After the novel Shy Girl by Mia Ballard was pulled from publication by US publishing giant Hachette earlier this month amid widespread accusations the author had used artificial intelligence, concerns about how the publishing world deals with the rapid rise of AI are now mounting just as fast.
According to reports, as much as 78 per cent of the novel could have been AI generated, sparking a row in which Ballard blamed an unnamed editor, but renewed debate about AI as an unstoppable force across the arts.
According to a report in The Guardian, an editor at one of the “big five” publishing houses said a “cold shiver went down my spine” when the Shy Girl story broke. “It really is a case of ‘there but for the grace of God go I,’” they said.
"It's huge", says Peter Cox, managing director of literary agency Redhammer Management.
He told The Independent: "It's enormously economically attractive [to publishers], especially if you produce genre fiction. You don't have to deal with messy, difficult authors who miss their deadlines by three months. You can just instruct Chat GPT to produce 80,000 words of romantasy and there you go."
Mr Cox added that a number of songs in the iTunes at the moment have been created by AI.
"Why should publishing not do the same?" Cox said. "But I think that any publisher that actually jumps in and does that is going to face a major backlash from human authors.
"Many of us are too frightened to talk about it, but we all know that people are thinking about it. We've seen authorial income plummet by 50 per cent in the last five years or so. It is a threat there's no question about it."
The cancellation of Shy Girl now suggests these threats warrant increasing concern and that the use of AI in novel writing is becoming more common – and increasingly difficult to detect.
A spokesperson for the Society of Authors told The Independent the technology "is rapidly disrupting the UK’s £124.6bn creative sector, which supports more than 2.4 million jobs".
They said: "In 2026, the UK stands on the brink of losing an entire creative sector; one that brings not just jobs, money and global prestige, but also cultural currency, soft power and societal benefits, such as community cohesion, support for mental health and well-being, soft power and cultural heritage."
They added: "Our world-leading creative industries supercharge the UK’s national identity and global influence, connecting communities at home and abroad. The AI development race is opaque, unfettered and unregulated, and driven primarily by the profit motives of large corporations, despite some likely adverse impacts."

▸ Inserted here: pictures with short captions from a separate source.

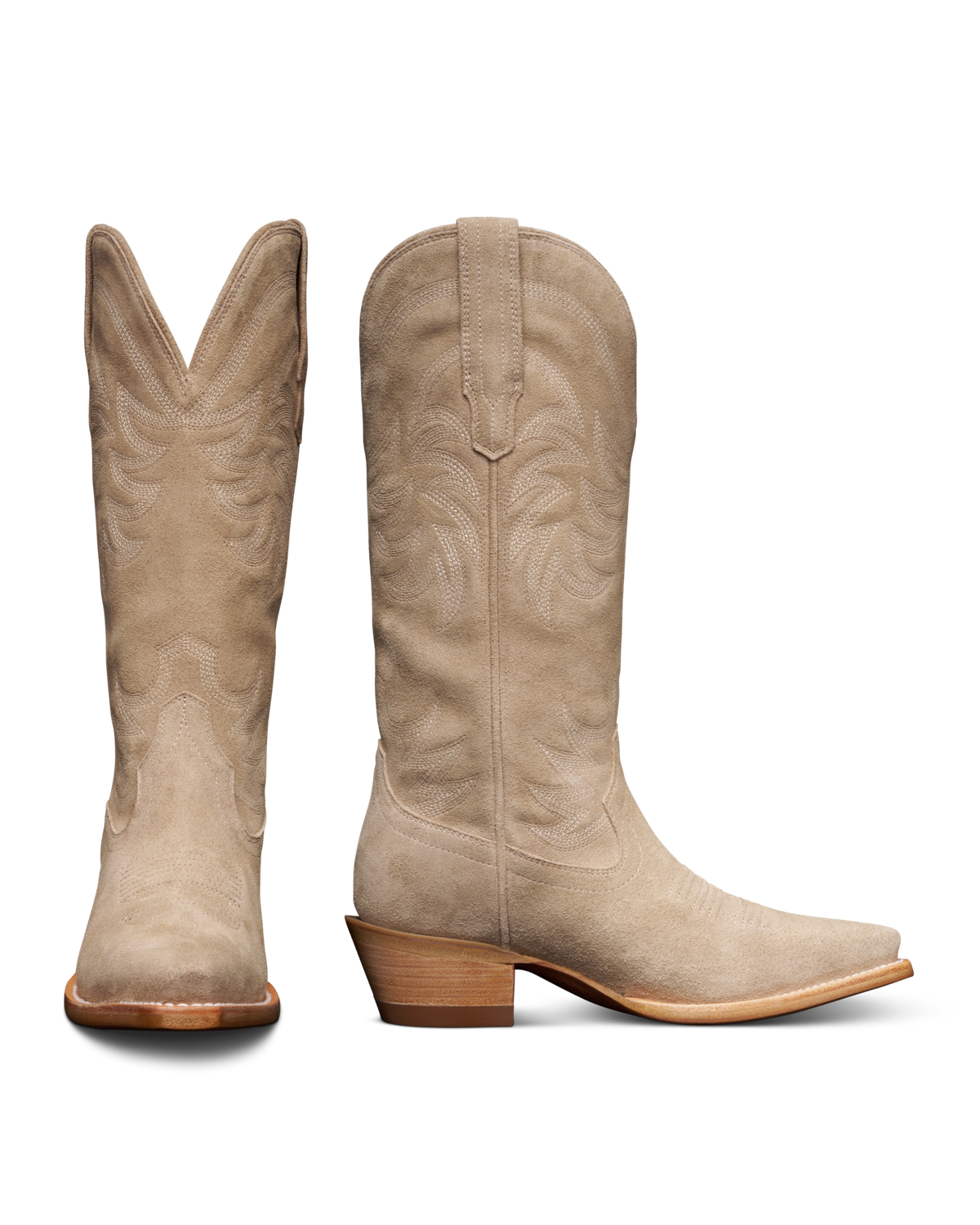 The Annie in Fawn Suede - Women's Cowgirl Boot | Tecovas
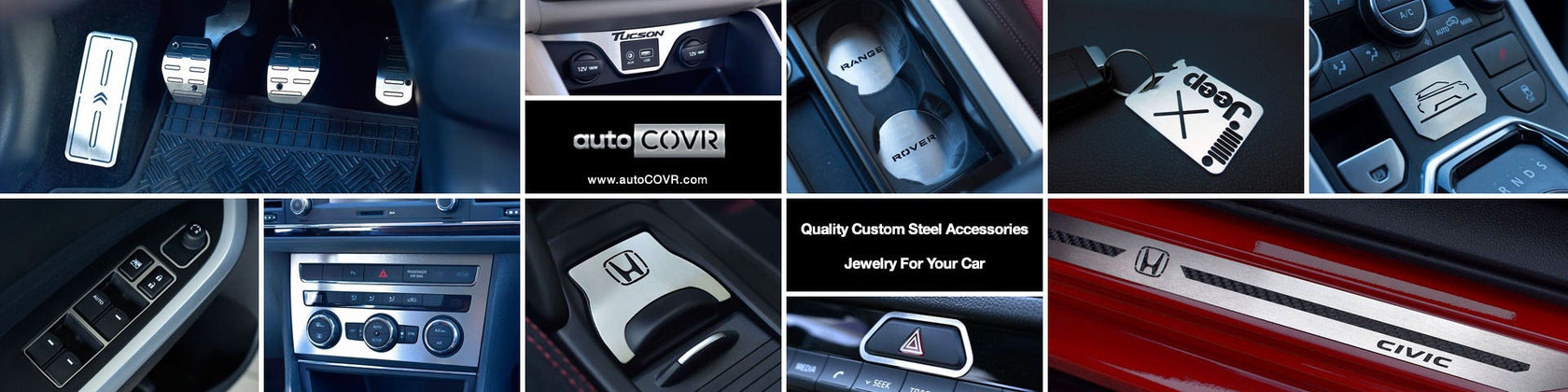 1 Pieza Emblema Placa Inox Metal Cepillado Interior Decoraci/ón Personalizados Hechos a Medida Tuning Cubierta De Acero para 2018 DUSTER 2 II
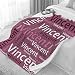AIBILEEN Personalized Name Blanket for Kids Boys and Girls, Super Soft Personalized Gifts Name Throw Blanket for Birthday ChristmasDay Valentines Day M 50X60 Inch for Teen/Travel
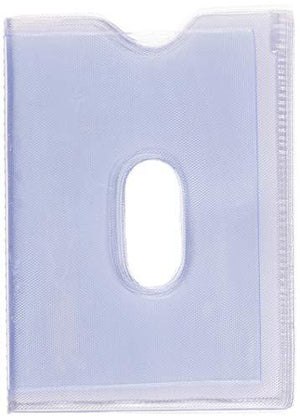 STARHIDE Replacement Plastic 20 Credit Card Portrait Insert Album Sleeves with Thumb Hole - Starhide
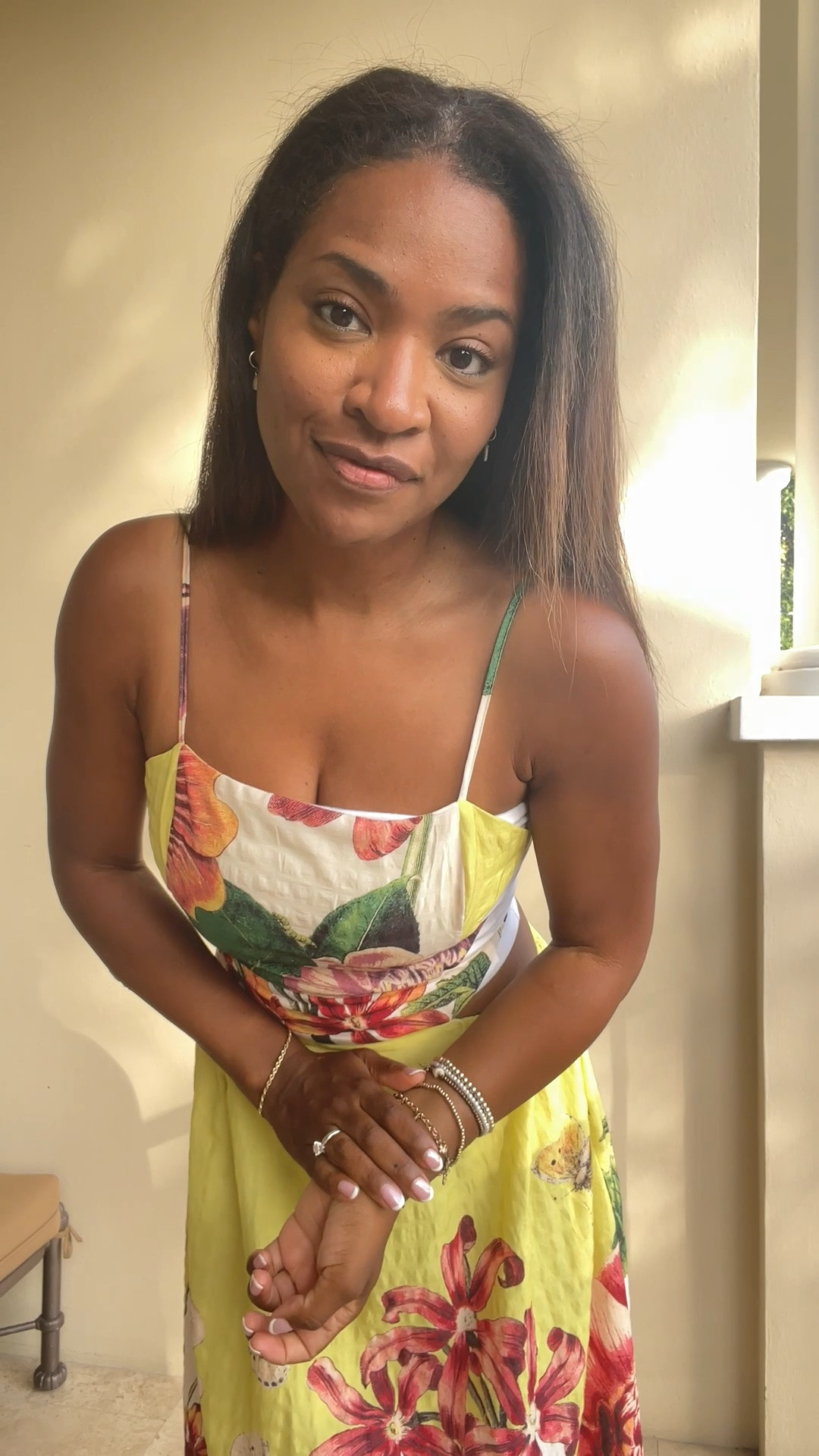 Wearing a small in the dress. I had to wear a tube top because the top of the dress was a bit smaller on the sides

#LTKgrwm #LTKootd #LTKOver40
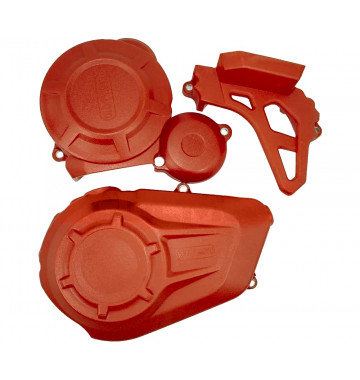 Крышки защитные на двигатель ZS PR c балансирным валом Regulmoto, Красный, , 845214-3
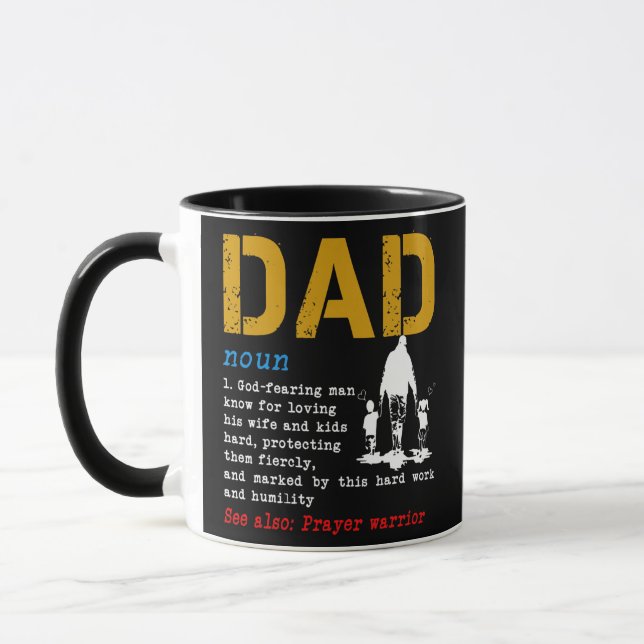 Taza Definición de padre cristiano Día DAD  (Izquierda)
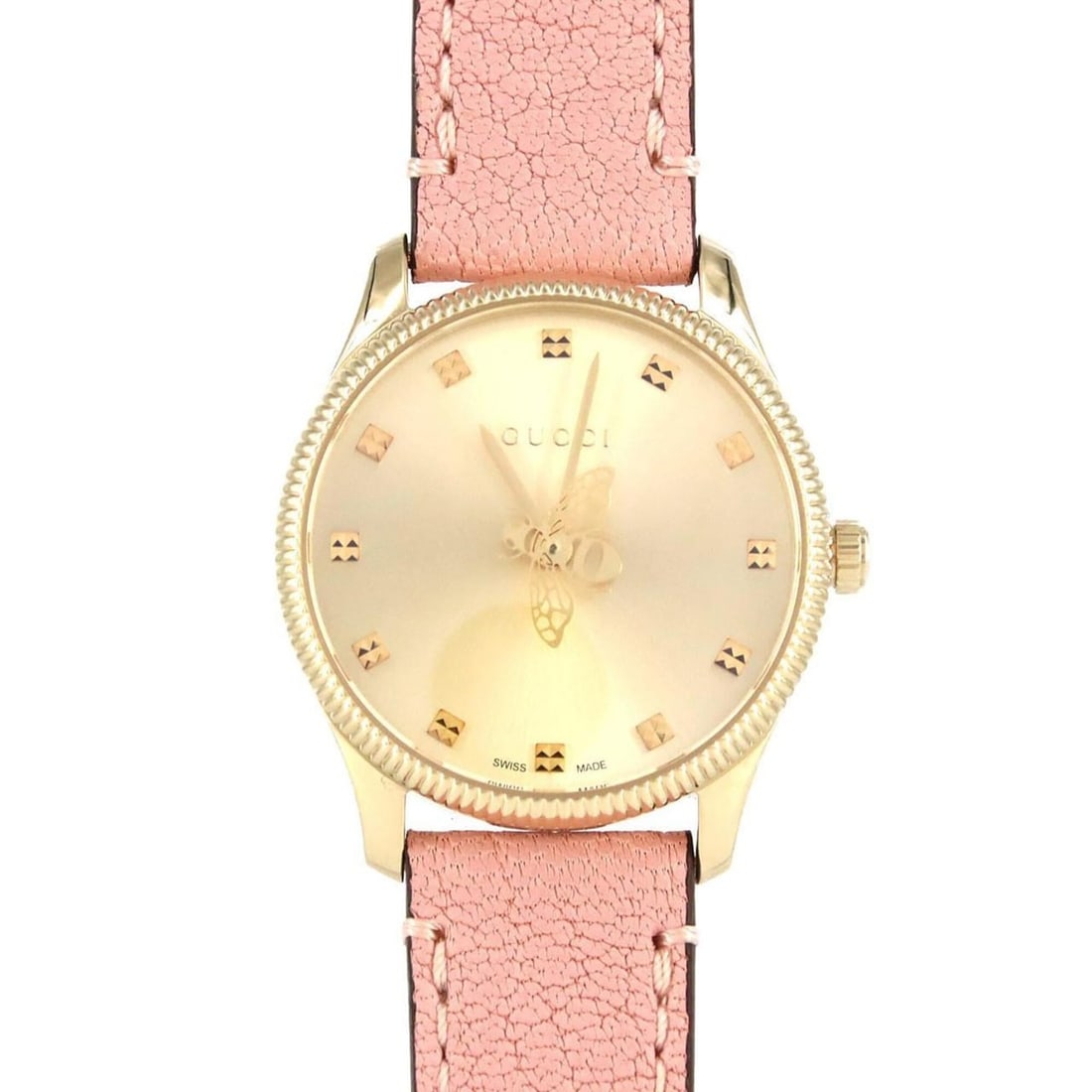 Gucci G-Timeless GP 126.5 Quartz Watch: --- Catalog ---Category: SizeCase Diameter: 29mm / 1.14''Category: DesignType: WristwatchGender: WomenColor (Dial): GoldMaterial (Case): Gold platedCategory: GeneralMPN: 126.5Brand: GucciCategory: Mov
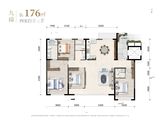兴桐云禧峯璟_4室2厅3卫 建面176平米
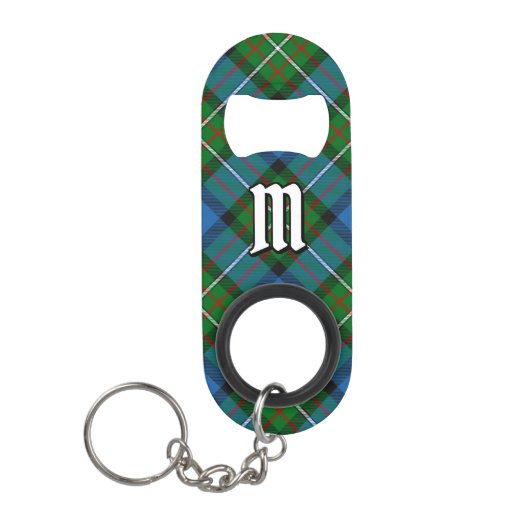 Clan Ferguson Tartan Sleutelhanger Mini Flessenopener (Voorkant)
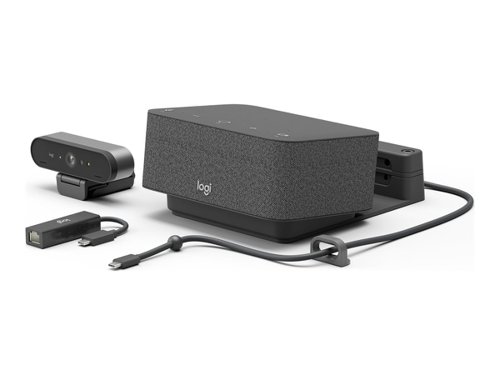 Logitech Logi Dock Focus Room Microsoft Teams Video Conferencing Kit - Logi Dock and Brio 4K Ultra HD HDR Webcam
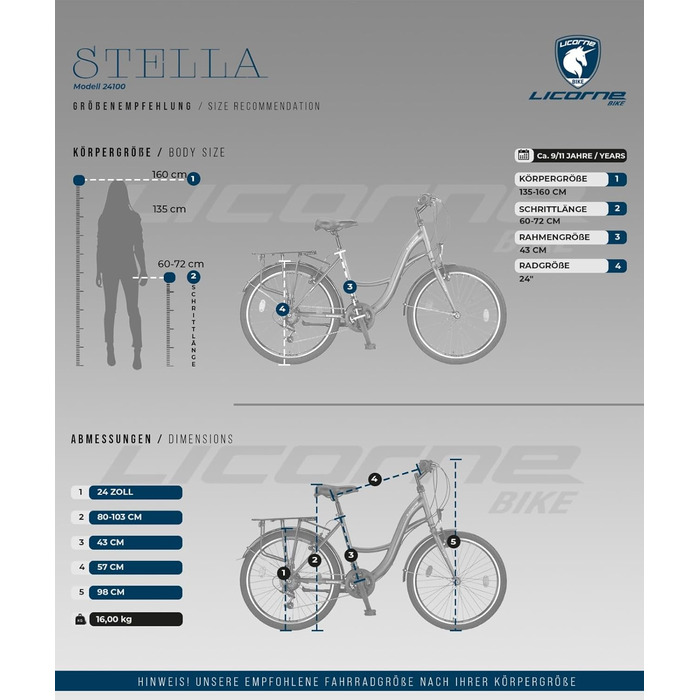 Велосипед Licorne Bike Stella Premium City Bike розміром 20&quot, 24&quot, 26&quot, 28 дюймів для дівчаток, хлопчиків, чоловіків та жінок. 21 швидкість (6 швидкостей для 20 дюймів). Голландський велосипед. Міський велосипед. Антрацит, 24 дюйми.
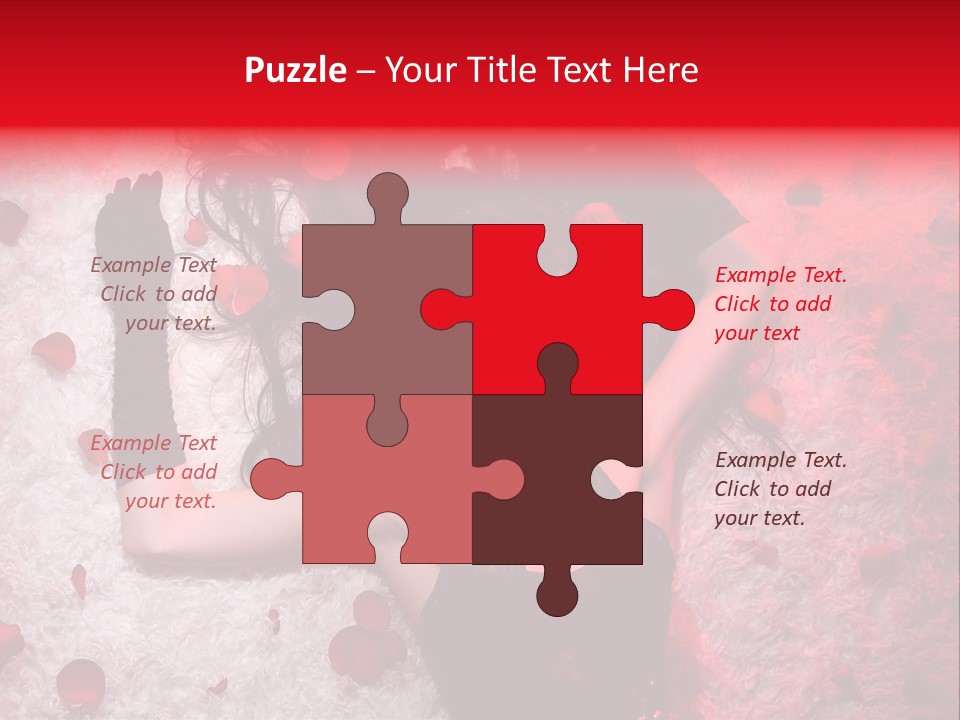 Chica Rosas PowerPoint Template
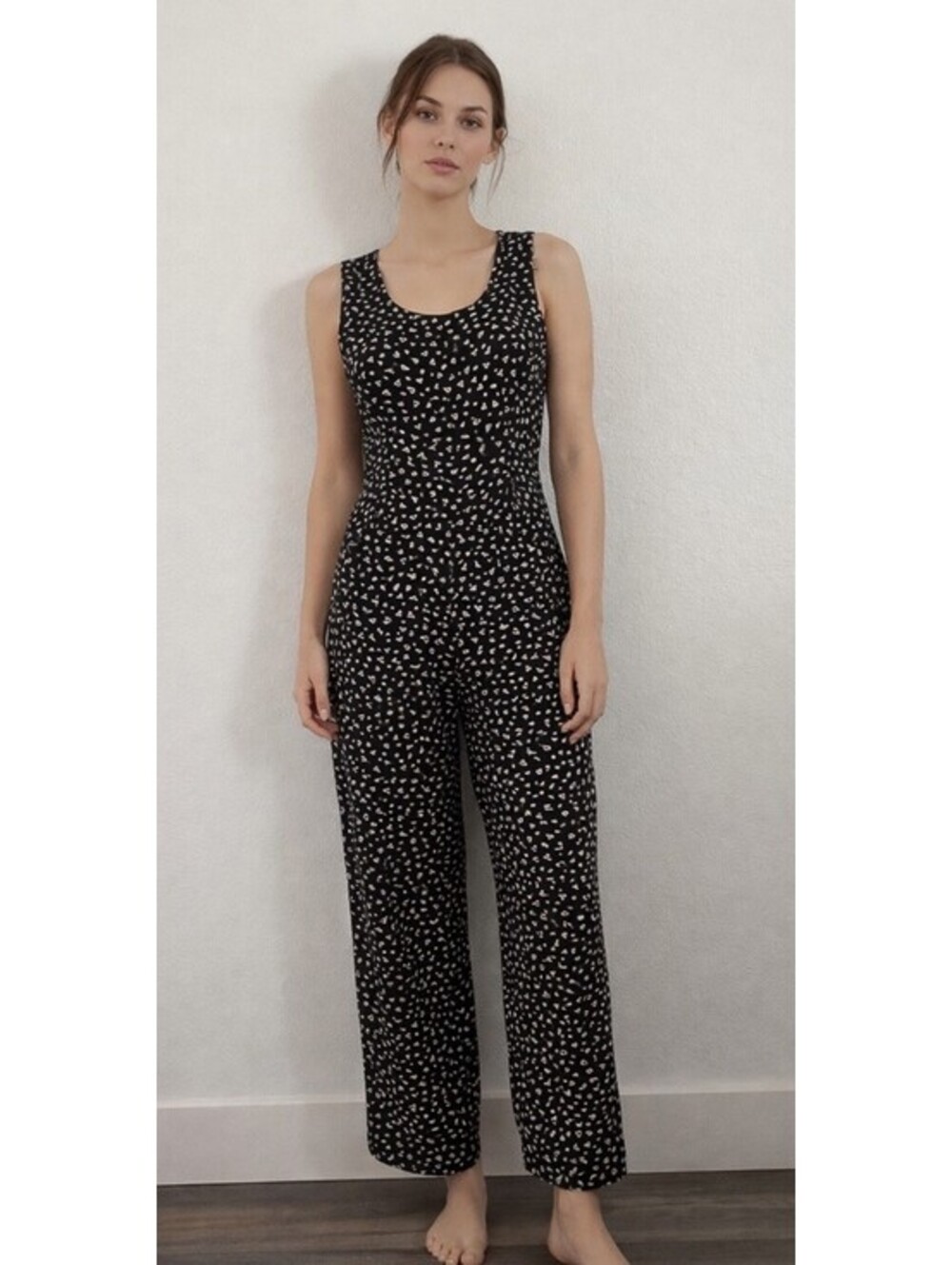 Vintage Sheri Martin New York Romper Jumpsuit Jumper Women's Sz 14 Black Euc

The organisation is now calling for government backing for new labelling that lets people know how work has been produced.
The use of AI in writing and other arts is often fiercely criticised by other writers and artists, not least because they fear the extent to which it will make them redundant. Last year Just over half (51%) of published novelists in the UK said they believed AI was likely to end up "entirely replacing their work as fiction writers", a University of Cambridge report found.
“This is the proof positive of what many of us have considered an issue, that this will happen, and now it has happened,” publishing industry consultant Thad McIlroy told The Times following the Shy Girl scandal.

Cox agreed, telling The Independent that the fate of the publishing industry remains "uncertain".
"Very cheap genre fiction produced by AI is attractive to some publishers, but the more sensible publishers will realise that readers relate to authors," he said
"Enlightened publishers will get behind their authors even more and strive to make a deeper connection between the brand of the author and the reader. But others won't, so we'll have to see how that goes."
There are also indications that the use of Large Language Models (LLMs) like Chat GPT, are leading to many more books being published, but crucially it's almost impossible to know beyond examining the numbers. In 2025 in the US, over 3.5 million books were self-published, a rise of 40 per cent from the 2.5 million in 2024, according to Bowker, which collects book industry data. Meanwhile traditional publishing houses put out around 642,000 books last year, according to The New York Times.
Using AI is a "slippery slope", Cox said, and can make potential authors lazier.
"Writing is hard in any case, especially fiction writing. The crucial thing it'll never do – and will discourage authors from moving in this direction – is voice. People connect to voice. Your authorial voice is everything. People spend their whole professional lives honing their voice to make it original and compelling.
"Chat GPT isn't going to do that. What you're going to do is produce increasingly superficial, meaningless sentences that sort of flow together, but actually don't communicate anything."
He added: "Let's not forget, writing is not an end unto itself. It's notation for human communication, like musical notation. It's that vital spark between one human and another and you can't simulate that with a machine, you just can't."